Getting Started with OSF Search


This Article Is Licensed Under CCO For Maximum Reuse.

cc-zero.png


The following is a Table of Contents that links directly to specific sections within the guide.


Overview

OSF Search is your destination for discovering all content types across the platform, including results for registrations, preprints, projects (and related components), files, and users in one easy to use interface. The OSF Search page can be used for searching, browsing, or both.


OSF Search does not include full text search of files uploaded to the platform. Any term entered on OSF Search will search through the metadata of all OSF objects including title, description/abstract, filename, contributors, license, identifiers, and registration responses. 


Each search result includes key metadata to help you determine if these are the results you are looking for, as well as a "Context" section in each result that provides a preview of the metadata fields that reference your search term.

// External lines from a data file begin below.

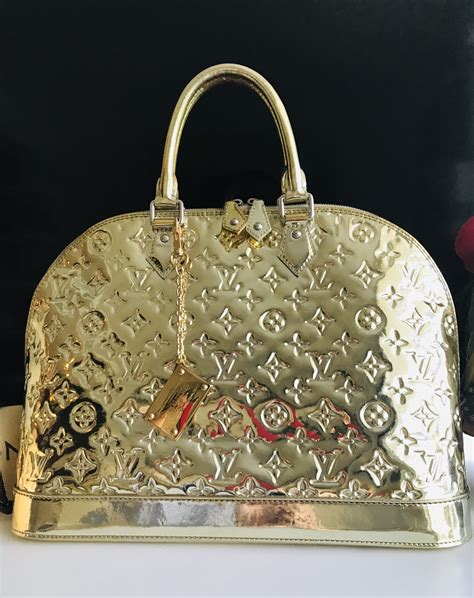 louis vuitton bag with gold plate|louis vuitton over shoulder bag.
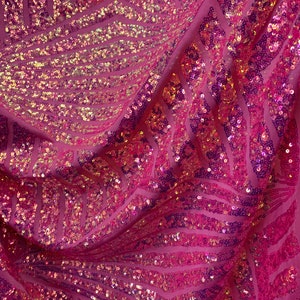 Puede incluir: Tela rosa con lentejuelas iridiscentes en un patrón geométrico.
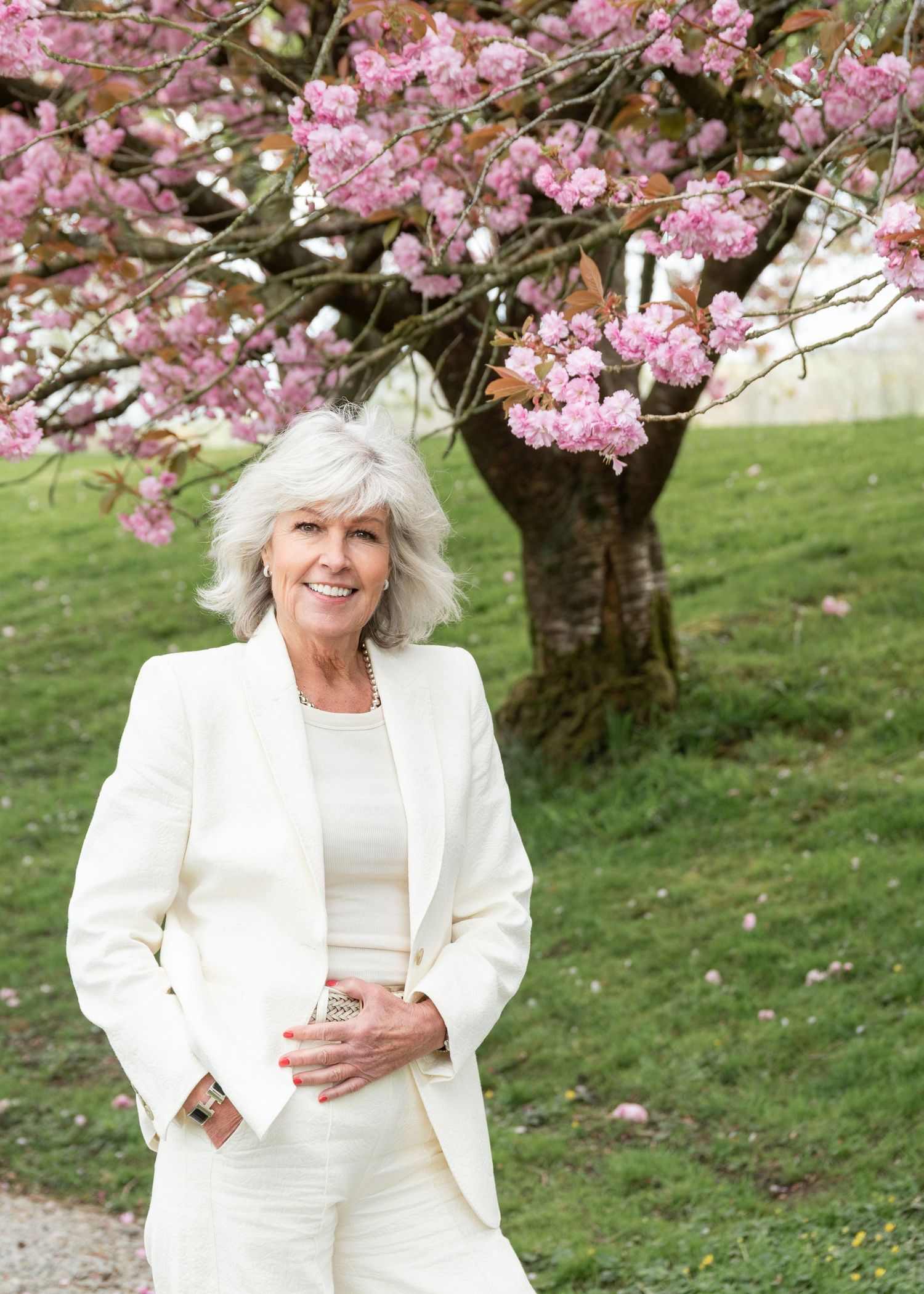 Elegant woman in white suit smiling under pink cherry blossom tree on green lawn in spring.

These include the object title, contributors, description/abstract, and license.


Refine your search results or browse the entire OSF using specialized filters, including supporting funder, institutions, resource type, related materials, and more.


Finally, remember to make your own OSF research as discoverable as possible by adding robust metadata and making it public.


Navigating to the OSF Search page

Click "OSF Search" from the navbar on the left-hand side of any OSF page, or navigate to https://osf.io/search/.


Searching by Term 

In the search bar, enter a search term and then click the question mark or hit the "Enter" key. Your search term can be as short, long, specific, or general as you like.


Search Results

The total number of results for your query is presented in the top left.  If there are more than 10,000 results, it will only read "10,000+ results".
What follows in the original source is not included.